There are certain constraints, though:

  • I am not very well versed in DuckDB’s performance stuff. I mainly use it for ad-hoc stuff.
  • This whole thing is just an experiment. I doubt the DuckDB database (even with index) will be more efficient than the MMDB database.
  • The free IP to Country ASN database does not have a JOIN_KEY column natively, while our other IP databases have that.
  • This will be a better solution than Pandas/SQLite-based solutions and, in some instances, better than PostgreSQL and MySQL, considering your use case.
  • Polars has a data type of DECIMAL that supports 128 bits, but I have not explored it.

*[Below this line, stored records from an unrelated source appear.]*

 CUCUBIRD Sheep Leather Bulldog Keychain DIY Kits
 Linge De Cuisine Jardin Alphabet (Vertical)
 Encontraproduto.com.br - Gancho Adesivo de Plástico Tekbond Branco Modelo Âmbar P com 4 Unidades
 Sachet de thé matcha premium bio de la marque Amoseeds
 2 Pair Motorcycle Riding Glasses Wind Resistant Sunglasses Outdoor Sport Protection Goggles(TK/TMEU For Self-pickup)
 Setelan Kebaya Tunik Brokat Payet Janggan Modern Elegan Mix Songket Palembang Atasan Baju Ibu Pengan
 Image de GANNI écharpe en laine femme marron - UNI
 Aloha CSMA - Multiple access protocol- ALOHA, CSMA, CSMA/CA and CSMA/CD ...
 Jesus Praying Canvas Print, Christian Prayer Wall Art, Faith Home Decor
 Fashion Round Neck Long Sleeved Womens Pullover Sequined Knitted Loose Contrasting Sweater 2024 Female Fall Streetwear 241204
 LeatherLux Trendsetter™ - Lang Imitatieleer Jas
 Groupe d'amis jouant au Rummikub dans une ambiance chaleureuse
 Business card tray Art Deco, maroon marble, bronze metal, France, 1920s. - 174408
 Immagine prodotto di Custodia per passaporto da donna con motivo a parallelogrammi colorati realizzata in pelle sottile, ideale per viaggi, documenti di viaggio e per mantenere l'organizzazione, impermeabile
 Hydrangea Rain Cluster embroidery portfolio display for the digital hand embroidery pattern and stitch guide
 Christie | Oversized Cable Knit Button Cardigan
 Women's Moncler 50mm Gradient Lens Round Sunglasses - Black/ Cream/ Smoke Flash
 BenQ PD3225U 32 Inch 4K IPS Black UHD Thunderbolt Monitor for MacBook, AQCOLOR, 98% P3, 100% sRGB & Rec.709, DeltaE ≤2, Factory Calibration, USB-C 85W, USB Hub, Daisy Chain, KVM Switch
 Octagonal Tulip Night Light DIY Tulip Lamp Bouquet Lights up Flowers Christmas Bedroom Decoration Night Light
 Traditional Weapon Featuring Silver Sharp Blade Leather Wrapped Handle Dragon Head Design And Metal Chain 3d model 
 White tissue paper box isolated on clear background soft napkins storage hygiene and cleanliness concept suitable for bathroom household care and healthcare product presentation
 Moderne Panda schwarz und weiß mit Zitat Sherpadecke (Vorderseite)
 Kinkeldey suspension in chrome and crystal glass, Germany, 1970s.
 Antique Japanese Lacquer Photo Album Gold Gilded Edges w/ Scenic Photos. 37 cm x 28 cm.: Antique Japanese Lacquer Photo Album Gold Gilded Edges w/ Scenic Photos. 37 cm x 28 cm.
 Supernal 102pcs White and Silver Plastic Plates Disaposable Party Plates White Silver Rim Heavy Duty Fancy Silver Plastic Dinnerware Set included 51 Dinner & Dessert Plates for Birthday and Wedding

DuckDB vs. Polars performance is way out of the scope of one weekend and should be left to people smarter than me.
  • I am unclear about the Python API-based CREATE FUNCTION mechanism and how it works with the ipaddress built-in library.

Download the DB

I will refer to the updated filename reference page on the IPinfo docs.

Convert the IP address to integer.

I am using DuckDB’s Python API based CREATE_FUNCTION command: Python Function API - DuckDB

ip_to_int = lambda ip : int(ipaddress.ip_address(ip))
con.create_function("to_int", ip_to_int, [VARCHAR], UHUGEINT)

Remember this is an OLAP database

As DUCKDB is an OLAP database, it should not be modified or ALTERed. You create the tables and drop the old ones. This is a faster solution according to my limited testing.

con.execute('''
    CREATE TABLE country_asn AS
    SELECT
        *,
        TO_INT(start_ip) start_ip_int,
        TO_INT(end_ip) end_ip_int
    FROM country_asn_raw
''')
con.execute("DROP TABLE country_asn_raw")

Limited interoperability with Python’s data

Even though we have created the function, my initial vision was to enrich a stream of IPs or even a large set of IP addresses from inside a Python list. However, from my limited exploration, joining operations with lists is not feasible with DuckDB. From what I can find, this is impossible unless you convert the data to a Pandas Dataframe or create a temporary table in DuckDB.

So, at this moment, we can only look up individual IP addresses.

Size issue

After creating the index based on the start_ip_int and end_ip_int columns, the size of the duckdb database is 334 MB. While the MMDB database is 45 MB. Although the uncompressed CSV dataset is about 212 MB.


This was fun. If you can share some comments and feedback, that would be great.

  • Am I doing anything wrong?
  • Is there any opportunity to bring our data to the users of DuckDB?
  • Does the “big data is dead” rhetoric work out in the space of data-focused cybersecurity?

If there is enough demand, I can probably do regular pre-indexed DuckDB versions of the [IP to Country ASN]( IP to Country + ASN Database - IPinfo.io) database uploads which will include the function.

Here is my Jupyter Notebook: IPinfo DuckDB experiment: https://community.ipinfo.io/t/hacktogether-setting-up-duckdb-to-use-ipinfos-ip-database-using-python-bad-code-looking-for-feedback/5538 (github.com)


Edit:

How fast are MMDBs you might wonder.

500,000 IPv4 Enrichment:

Duckdb: ~40 Seconds

  • With index declared on the integer columns
  • With input IPs in temp table, they are stored in memory.
  • Returning list of tuples

MMDB: ~ 2 seconds

  • With IPs being represented in a Python list
  • Enrichment being done with a simple Python loop
  • Returning a list of dictionary

Video ↓

Code: Duckdb vs MMDB performance: https://community.ipinfo.io/t/hacktogether-setting-up-duckdb-to-use-ipinfos-ip-database-using-python-bad-code-looking-for-feedback/5538 (github.com)

Perf tested MMDB and duckdb. MMDB is simply unbeatable.